• **Problem to work on**:
Going through the material below, output exactly the lines from the one containing "Onna Tomodachi to" through the one containing "Air Jordan 23", and no pictures.

• **Given data**:
+++

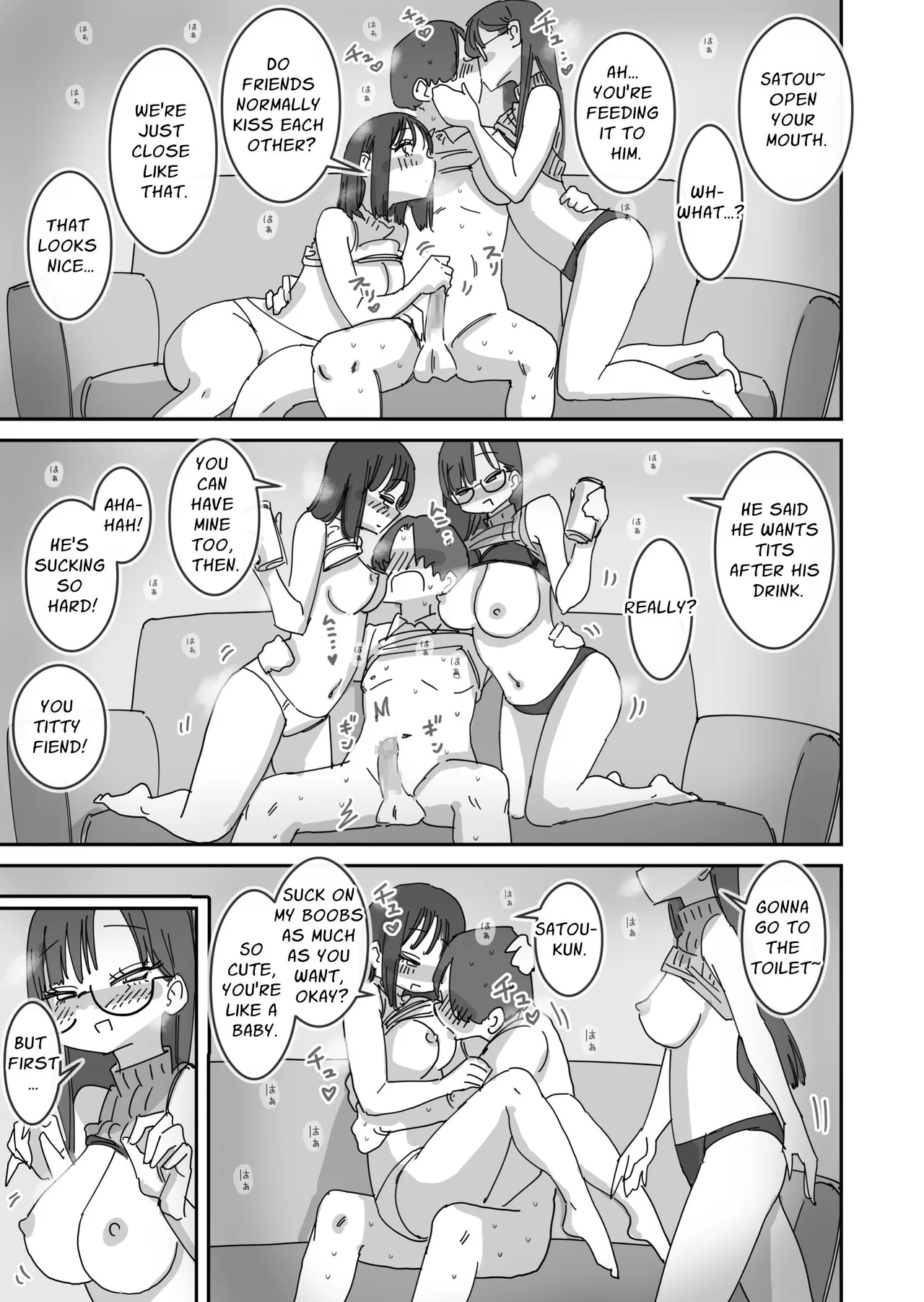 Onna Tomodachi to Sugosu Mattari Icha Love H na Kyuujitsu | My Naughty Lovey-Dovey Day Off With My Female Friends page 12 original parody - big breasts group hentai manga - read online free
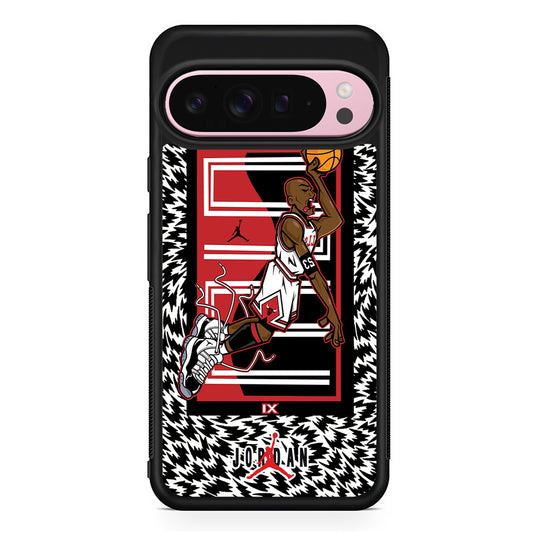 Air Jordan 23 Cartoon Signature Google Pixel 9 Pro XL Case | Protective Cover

+++

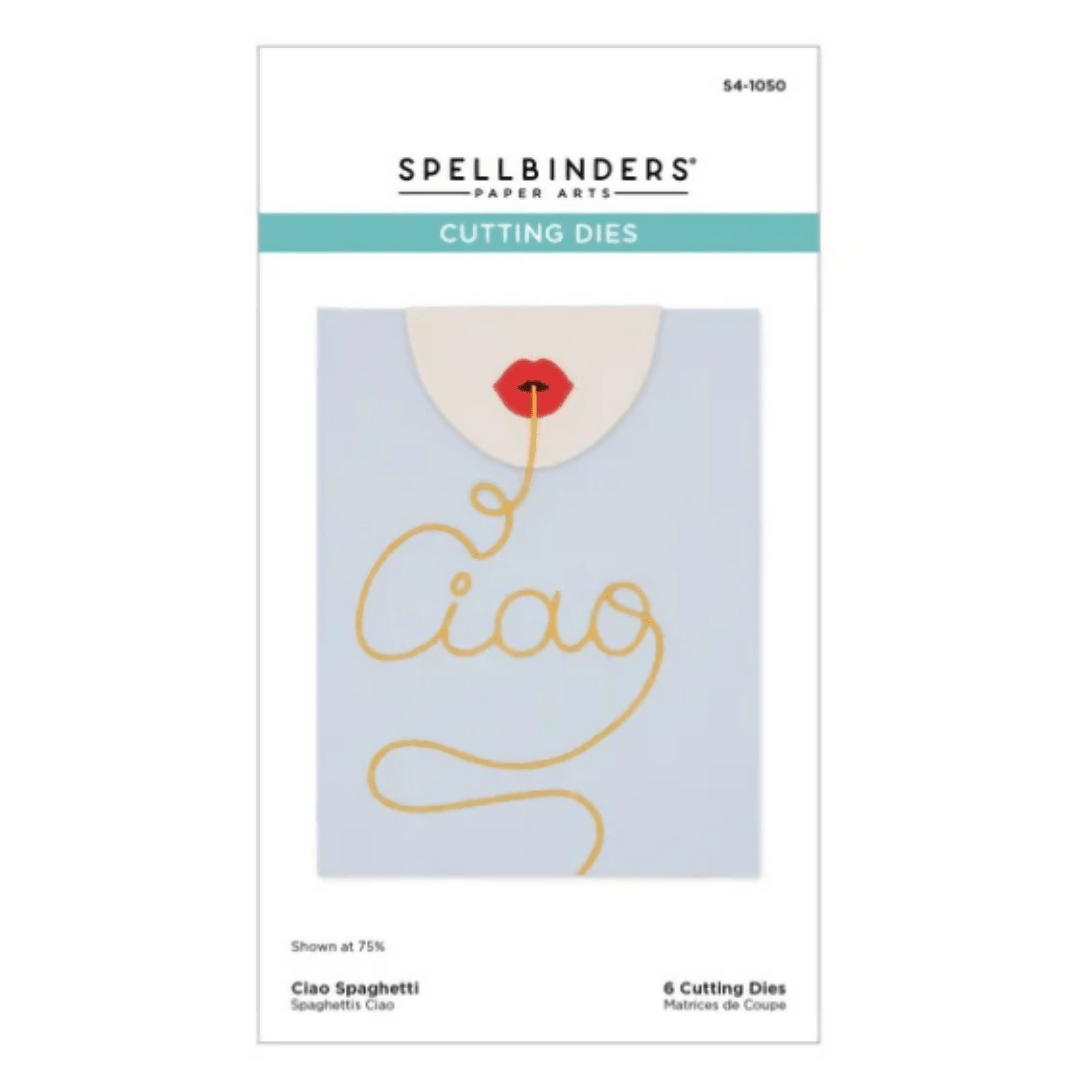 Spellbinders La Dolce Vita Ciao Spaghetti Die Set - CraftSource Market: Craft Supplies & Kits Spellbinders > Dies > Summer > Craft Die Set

+++

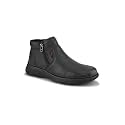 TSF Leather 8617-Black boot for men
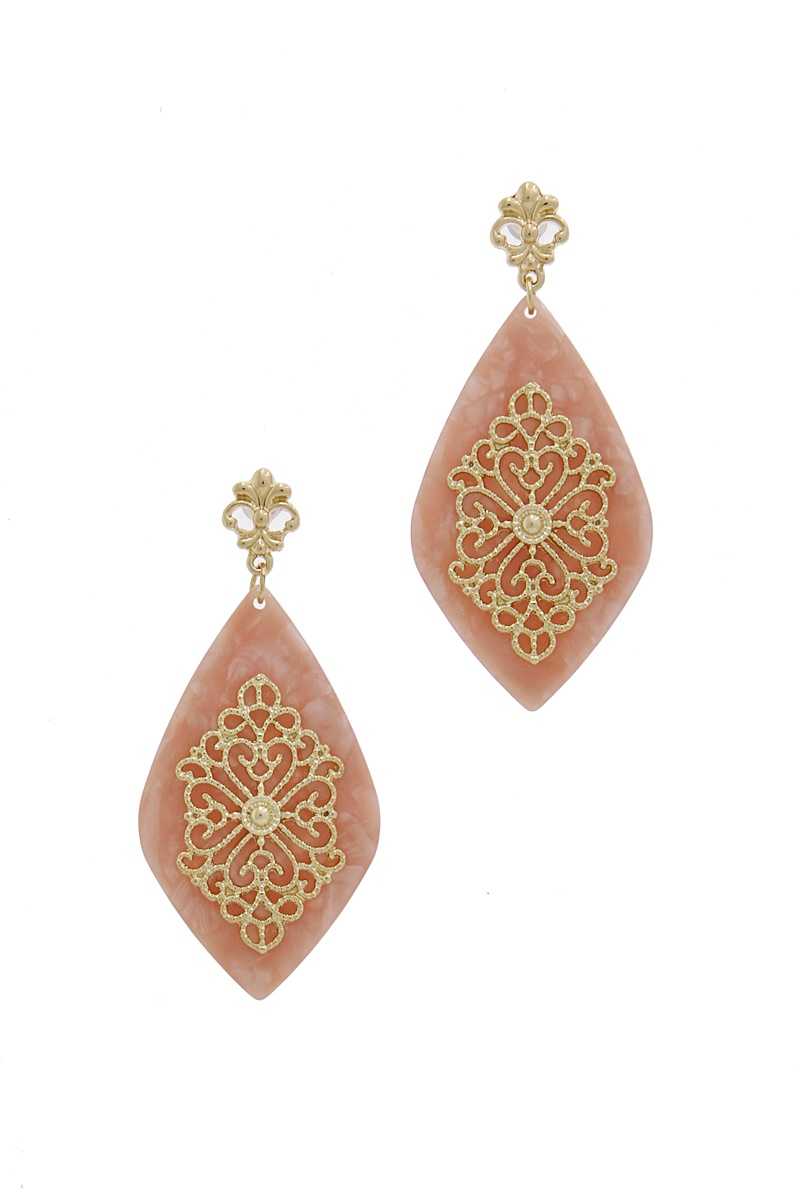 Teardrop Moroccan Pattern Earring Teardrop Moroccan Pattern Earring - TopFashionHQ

+++

• **Exercise response**:
 Onna Tomodachi to Sugosu Mattari Icha Love H na Kyuujitsu | My Naughty Lovey-Dovey Day Off With My Female Friends page 12 original parody - big breasts group hentai manga - read online free
 Air Jordan 23 Cartoon Signature Google Pixel 9 Pro XL Case | Protective Cover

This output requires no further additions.